» Aim of the task
From the line containing "This is my 22-foot" down to the line containing "We washed it", copy out the entries below exactly, both lines included, and nothing else; pictures do not belong in the copy.

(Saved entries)
——

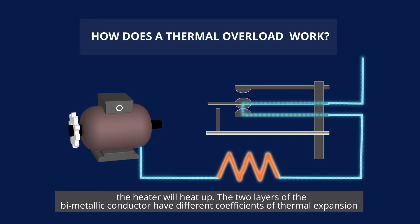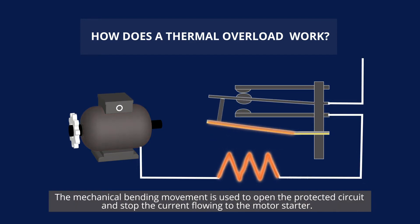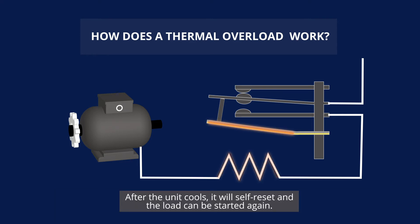The two layers of the bi-metallic conductor have different coefficients of thermal expansion, so as the strip heats it starts to bend due to one of the layers expanding faster than the other. This mechanical bending movement is used to open the protected circuit and stop the current flowing to the motor starter.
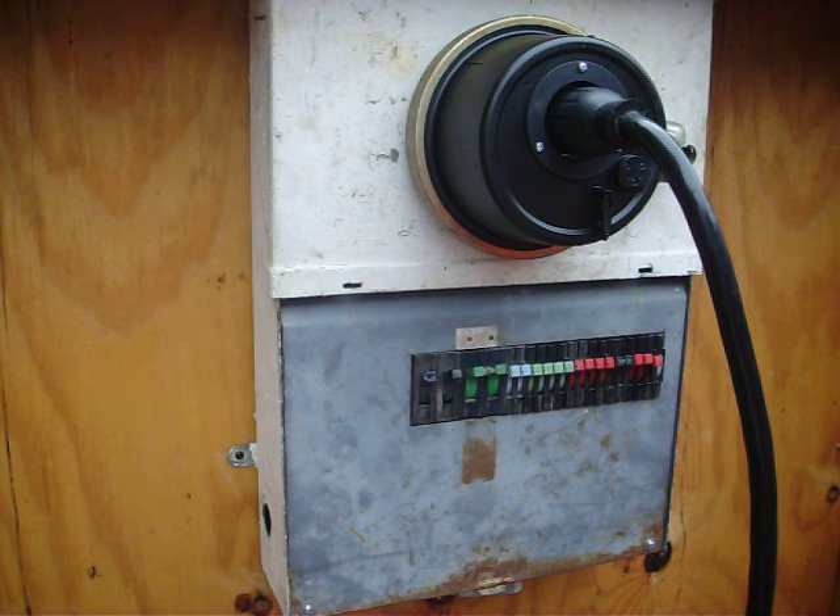This is available from Citywide Electric, and they can be reached at 1-858-504-0573. Citywide Electric makes this device here. It's the simplest one I've ever seen, and that's about as long as it takes to install. Again, it's 1-858-504-0573.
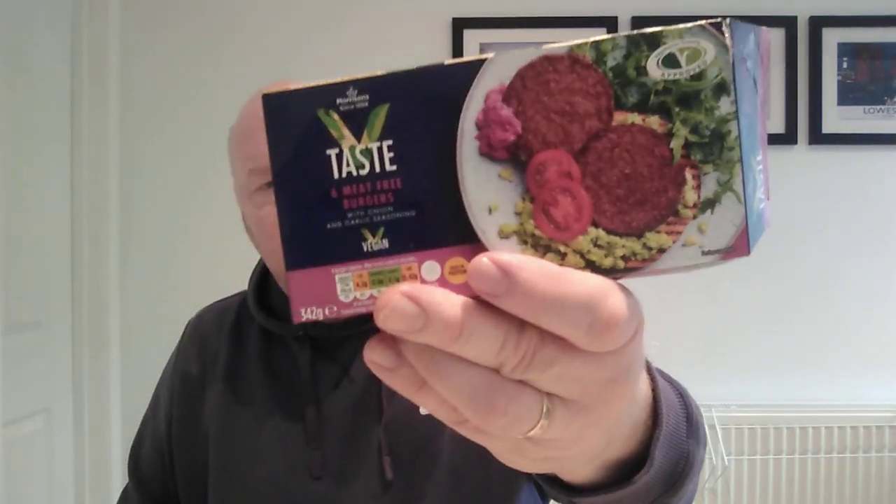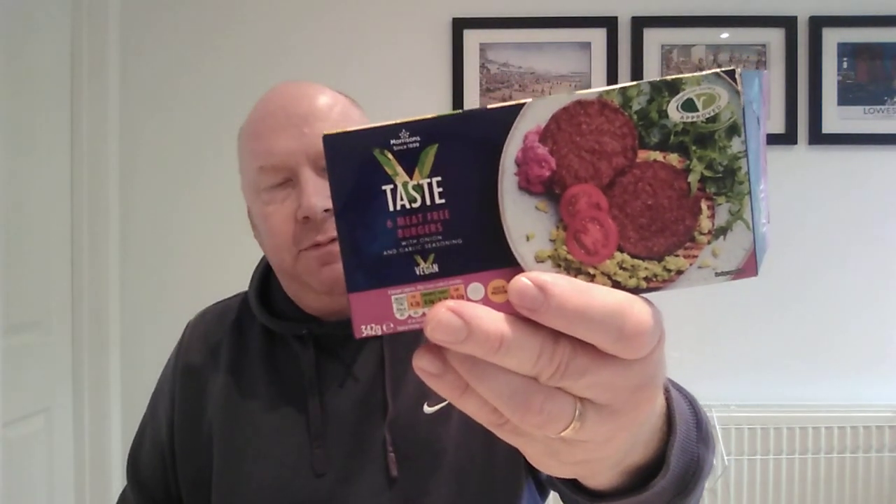Anyway folks, there's the packet — V Taste veggie burgers from Morrison's. If you're wondering, give them a go. They were all right, they were nice. Laters.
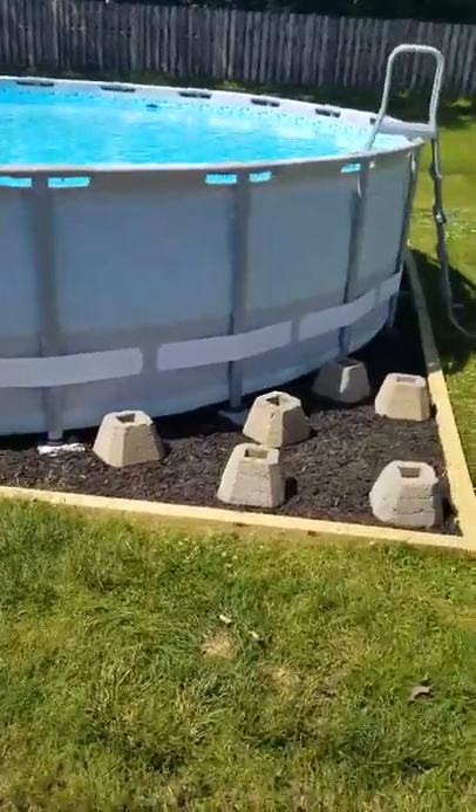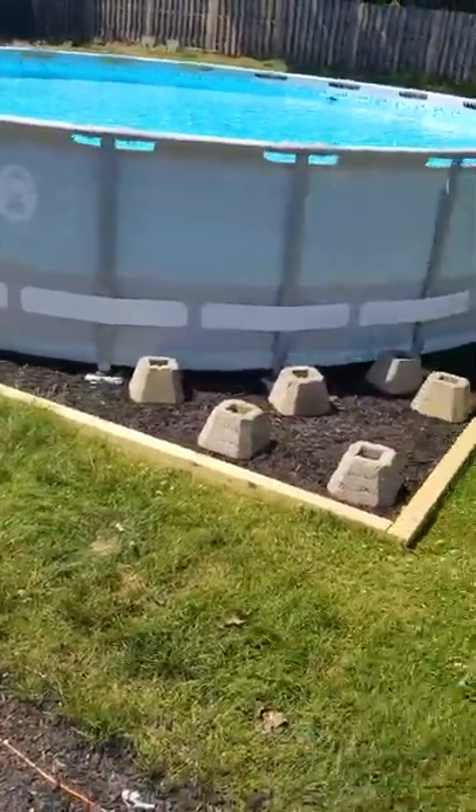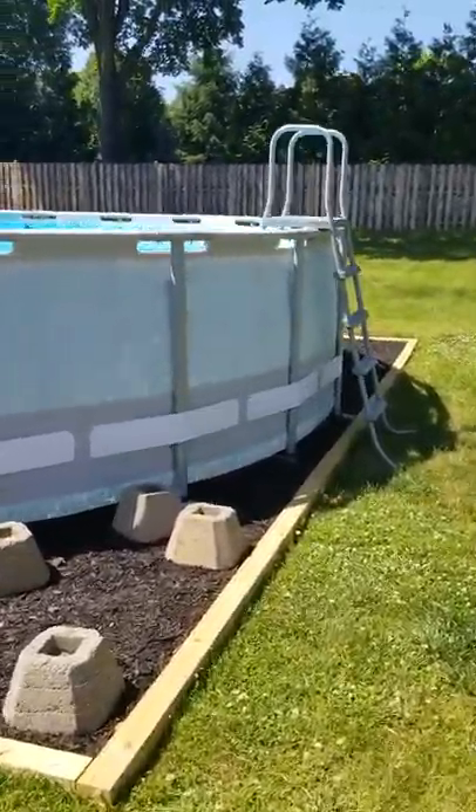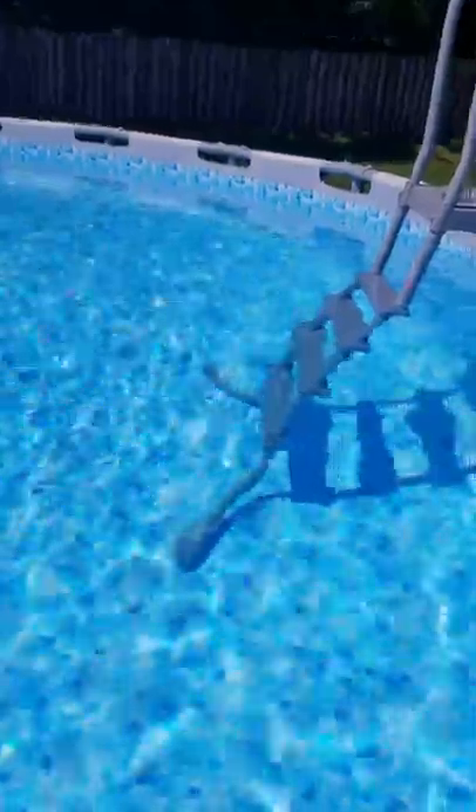This is my 22-foot Coleman pool. I don't mind the blocks — I was gonna build a deck but forget it. I put a little barrier around the pool with mulch. I figured it'd be easier to get rid of than stone. Currently it's 78 degrees out and the pool is probably about 74 degrees. It hasn't been over 75 since I put it up, and it's too cold.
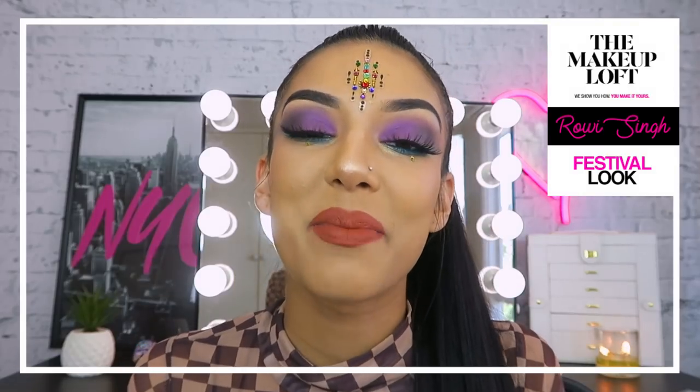Hi you guys! Welcome back to The Makeup Loft and welcome to my second video on the channel. I'm so, so, so excited today because I'm going to be doing something that sits very comfortably with me — a festival look. If you want to see how to recreate this awesome purpley-blue festival-inspired look, then just keep watching.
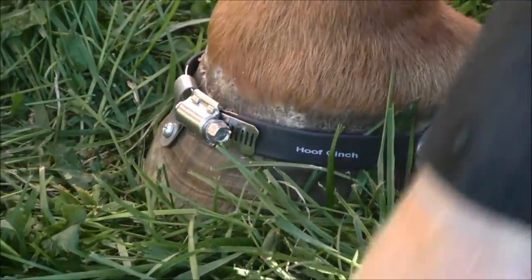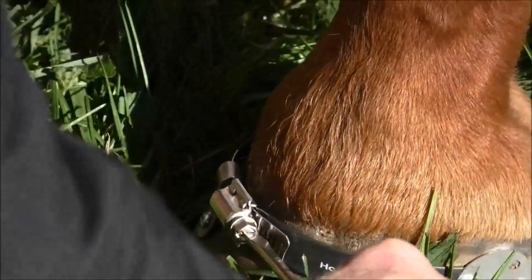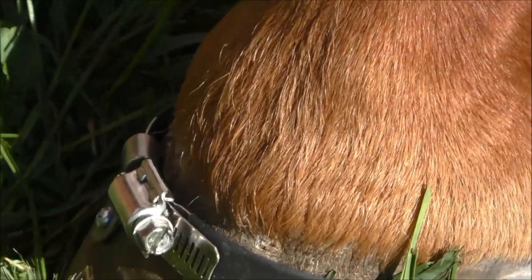Once you have those on, go ahead and tighten it. Just tighten it until the flathead is snug and it slips out of the screw head.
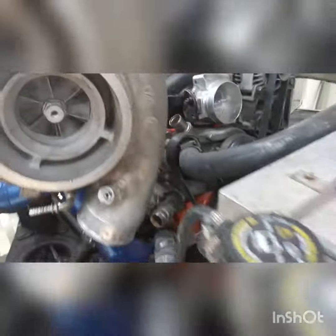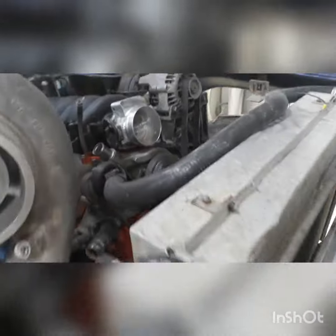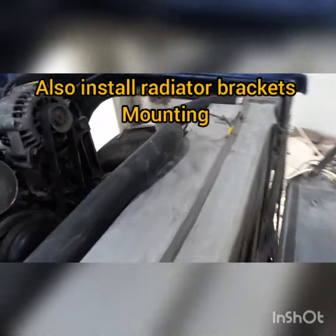We washed it out from the turbo. Now today we are going to install the radiator — the old one — and then the intercooler for the turbo.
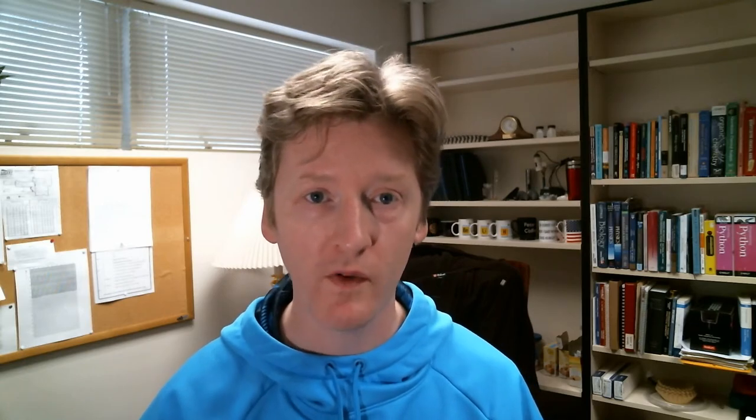So how have we done so far? This is the version of the battery we're working with now, where we have iron going to iron 2 at the anode and iron 3 going to iron 2 at the cathode. The question is, what is X? What is the iron salt? What is the counter ion to the iron ion that we need to keep things in solution? Iron chloride is very cheap and available, but iron chloride is not very soluble, so we need something. We've tried sucrose to keep it in solution, we've tried fructose, EDTA, sulfate, and now cyanide.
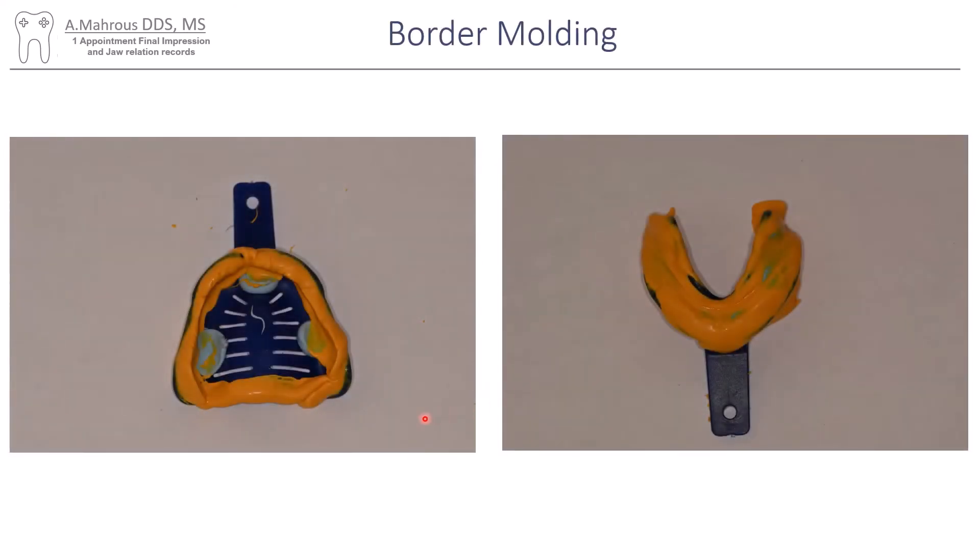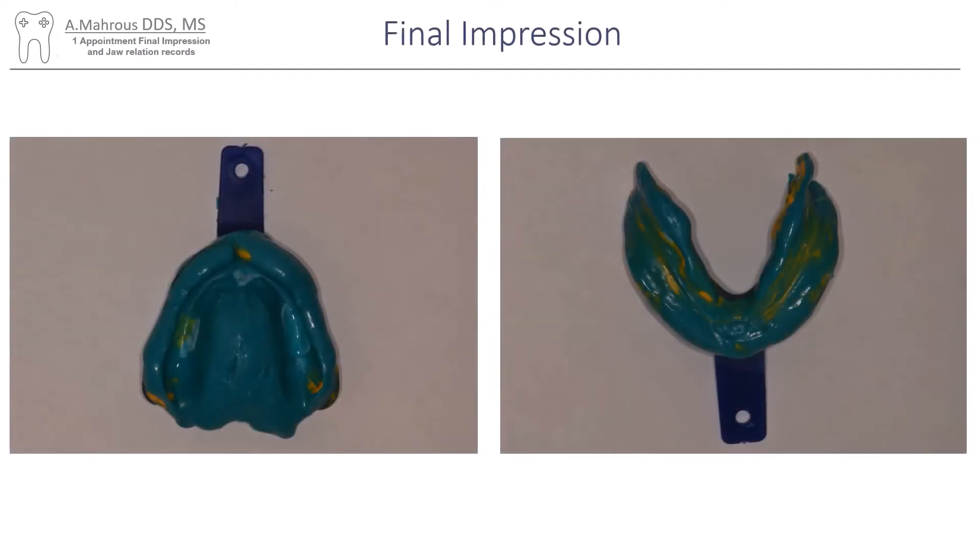Then it's border molding time — this is me border molding with 3M PVS. You can see on the mandibular arch it's almost like a wash impression, just because of how resorbed everything was. Then the final impression comes next; on the maxillary it's just like your traditional final impression, and on the mandibular again it's almost like a wash over the wash that we had done previously.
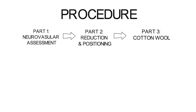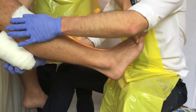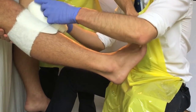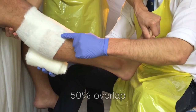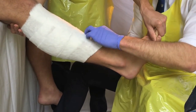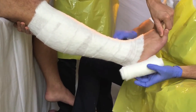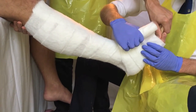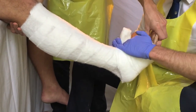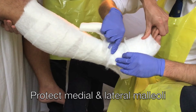The next part of the procedure is applying the cotton wool. Here is a demonstration of applying the cotton wool, starting at the proximal end of the lower limb at the level of the tibial tuberosity. When applying the cotton wool, make sure that you get a 50% overlap between each of the layers. Make sure that you don't apply the cotton wool too tight, and equally don't make it too loose. Ensure that you cover all surfaces of the lower limb right down to the level of the metatarsal heads. Once you have reached this level, break off the remaining cotton wool and add additional protection to the bony prominences, which include the medial and lateral malleoli.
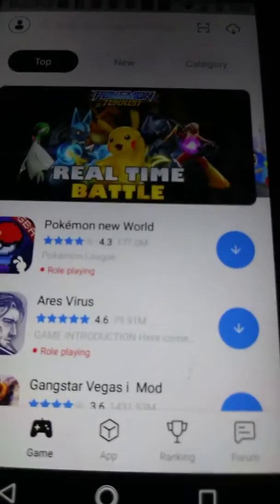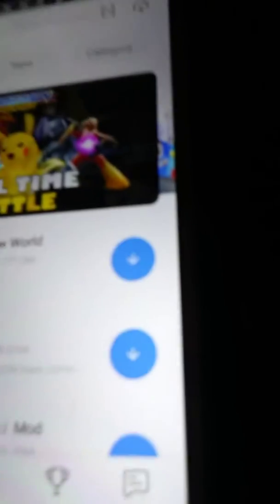Tutu app — basically what the Tutu app does is give you the same game but put mods on it. You will look up Subway Surfers and it will pop up right there.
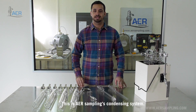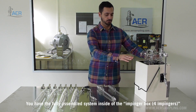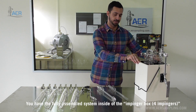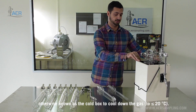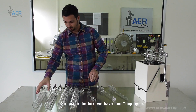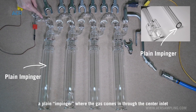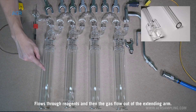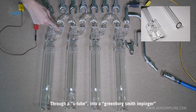This is AER sampling's condensing system. We have the fully assembled system inside of the impinger box to cool, otherwise known as a cold box, to cool down the gas. Inside the box we have four impingers. A plain impinger where the gas comes in through the center inlet, flows through reagents, and then the gas flows out of the extending arm.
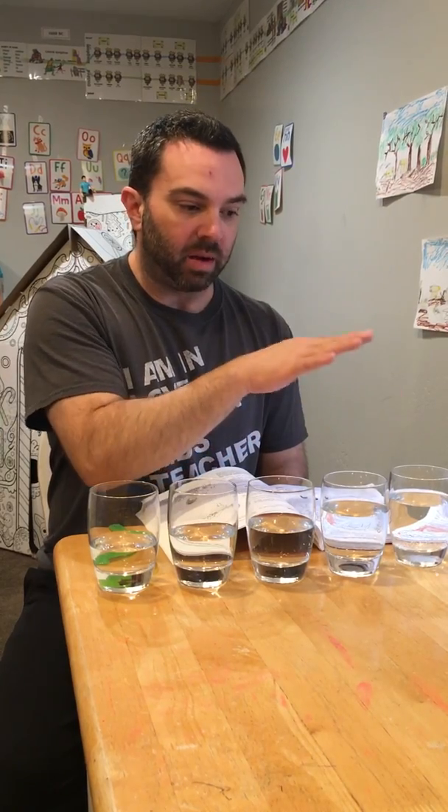Sound waves are very much like ocean waves and like light waves that we can't really see in our everyday life. But we have illustrations and a basic understanding of the properties of waves — things like the frequency, the amplitude, the peak, and the trough. All of that grammar is good to review and remind your students of.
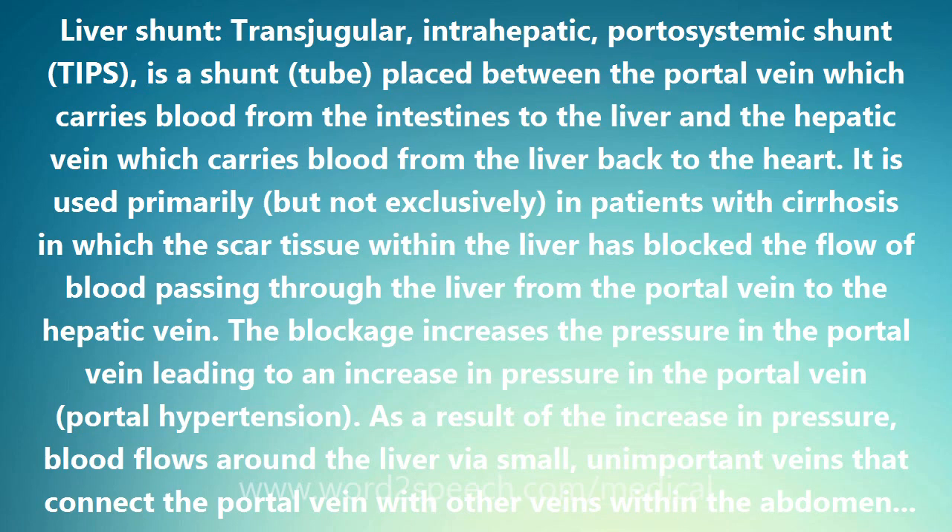As a result of the increase in pressure, blood flows around the liver via small, unimportant veins that connect the portal vein with other veins within the abdomen. These veins enlarge and are referred to as varices. Unfortunately, one of the places varices form is in the stomach and lower esophagus, and these varices have a tendency to bleed massively.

——

» Task result
This is my 22-foot Coleman pool. I don't mind the blocks — I was gonna build a deck but forget it. I put a little barrier around the pool with mulch. I figured it'd be easier to get rid of than stone. Currently it's 78 degrees out and the pool is probably about 74 degrees. It hasn't been over 75 since I put it up, and it's too cold.
Hi you guys! Welcome back to The Makeup Loft and welcome to my second video on the channel. I'm so, so, so excited today because I'm going to be doing something that sits very comfortably with me — a festival look. If you want to see how to recreate this awesome purpley-blue festival-inspired look, then just keep watching.
Once you have those on, go ahead and tighten it. Just tighten it until the flathead is snug and it slips out of the screw head.
We washed it out from the turbo. Now today we are going to install the radiator — the old one — and then the intercooler for the turbo.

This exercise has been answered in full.